W- Eu propunha que se fizesse uma transmissão simples. Uma transferência de cargo protocolar. Nem ele faria o discurso que pretendia – e que era esse, afinal, que eu conheci antes da realização da solenidade – muito menos eu falaria nada,  só o que acabou acontecendo foi uma coisa muito diferente. Quando ele acabou de falar eu estava em condições inteiramente opostas ao que ele queria. Eu estava revoltado com o que ele dizia e o que ele representava naquele momento. E o discurso que fiz causou uma emoção enorme na platéia. Me lembro que vários companheiros me diziam: se o sr. tivesse feito um discurso parecido com  esse durante a campanha estava eleito sem praticamente disputa.
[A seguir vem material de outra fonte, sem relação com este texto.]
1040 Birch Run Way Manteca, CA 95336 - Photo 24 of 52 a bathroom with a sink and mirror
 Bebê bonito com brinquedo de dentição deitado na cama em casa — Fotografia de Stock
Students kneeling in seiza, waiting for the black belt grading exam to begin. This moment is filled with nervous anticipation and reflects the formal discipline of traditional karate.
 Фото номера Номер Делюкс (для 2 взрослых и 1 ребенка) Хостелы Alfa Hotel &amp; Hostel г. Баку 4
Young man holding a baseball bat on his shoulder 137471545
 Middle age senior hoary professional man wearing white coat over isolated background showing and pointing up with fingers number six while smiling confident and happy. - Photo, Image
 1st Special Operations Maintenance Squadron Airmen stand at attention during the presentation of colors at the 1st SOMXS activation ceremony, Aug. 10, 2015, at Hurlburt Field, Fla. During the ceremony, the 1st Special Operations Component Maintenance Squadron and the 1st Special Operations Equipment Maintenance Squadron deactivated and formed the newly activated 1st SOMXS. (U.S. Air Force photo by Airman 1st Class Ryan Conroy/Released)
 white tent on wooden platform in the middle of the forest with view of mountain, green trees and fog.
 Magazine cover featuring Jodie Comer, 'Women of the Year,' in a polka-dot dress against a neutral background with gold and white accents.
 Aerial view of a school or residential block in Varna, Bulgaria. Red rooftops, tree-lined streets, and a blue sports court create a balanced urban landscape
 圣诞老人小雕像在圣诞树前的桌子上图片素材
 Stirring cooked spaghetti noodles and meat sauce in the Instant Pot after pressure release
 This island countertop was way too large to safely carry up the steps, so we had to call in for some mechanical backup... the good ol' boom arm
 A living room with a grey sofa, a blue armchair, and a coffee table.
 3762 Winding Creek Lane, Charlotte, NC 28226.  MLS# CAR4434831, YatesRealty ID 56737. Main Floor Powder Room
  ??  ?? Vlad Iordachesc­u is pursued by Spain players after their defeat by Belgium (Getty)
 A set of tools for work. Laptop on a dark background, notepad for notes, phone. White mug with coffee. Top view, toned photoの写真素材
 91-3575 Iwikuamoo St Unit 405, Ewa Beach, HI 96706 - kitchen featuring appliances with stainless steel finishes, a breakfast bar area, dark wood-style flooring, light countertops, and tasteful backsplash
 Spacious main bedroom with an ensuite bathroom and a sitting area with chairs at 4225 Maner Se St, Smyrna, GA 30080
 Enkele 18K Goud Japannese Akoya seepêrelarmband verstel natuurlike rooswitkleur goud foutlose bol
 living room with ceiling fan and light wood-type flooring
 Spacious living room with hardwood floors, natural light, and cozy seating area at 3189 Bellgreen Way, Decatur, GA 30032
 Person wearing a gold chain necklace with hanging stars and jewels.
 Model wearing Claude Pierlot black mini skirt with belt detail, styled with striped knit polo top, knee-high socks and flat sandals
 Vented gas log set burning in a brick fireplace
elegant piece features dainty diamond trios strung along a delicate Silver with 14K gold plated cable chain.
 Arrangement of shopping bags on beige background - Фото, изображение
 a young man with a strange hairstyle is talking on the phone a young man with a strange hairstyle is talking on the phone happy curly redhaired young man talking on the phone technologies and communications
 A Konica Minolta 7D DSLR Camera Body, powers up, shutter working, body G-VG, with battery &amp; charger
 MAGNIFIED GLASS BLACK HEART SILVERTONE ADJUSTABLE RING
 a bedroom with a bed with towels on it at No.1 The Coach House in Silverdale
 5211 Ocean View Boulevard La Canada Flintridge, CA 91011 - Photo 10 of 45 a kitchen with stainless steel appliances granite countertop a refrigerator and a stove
O discurso que fiz foi muito forte e, realmente, despertou uma revolta contra os fatos apresentados pelo Dr. Pedro. 

P- Passado tanto tempo, lembrando desse acontecimento, o que o sr. depreende de uma atitude como essa: ingenuidade política, megalomania , cálculo mal feito?

W-O Dr. Pedro sempre foi um homem ousado. E ele sempre soube se preparar bem  para as oportunidades mais importantes da sua vida política, no sentido de tirar todo o proveito possível. Nesse caso, ele não foi bem sucedido (risos).

P- Fale um pouco sobre o começo do governo?

W- Foi muito difícil. Tive que recorrer aos bancos para pagar os funcionários, uma quantia apreciável, os juros eram altos, o estado se endividava mais e mais, as dívidas - que tinham ficado - eram grandes e depois começamos a trabalhar para fazermos a segunda negociação com o governo federal. Já tinha sido feito uma anterior e agora seria feita a segunda em meu governo. E fizemos uma negociação que elevou essa dívida a uma quantia muito alta para a má situação financeira do estado. 

P- Na época o presidente era o general João Batista Figueiredo. O sr. representava um governo de oposição. Como se deu o relacionamento com o governo federal ?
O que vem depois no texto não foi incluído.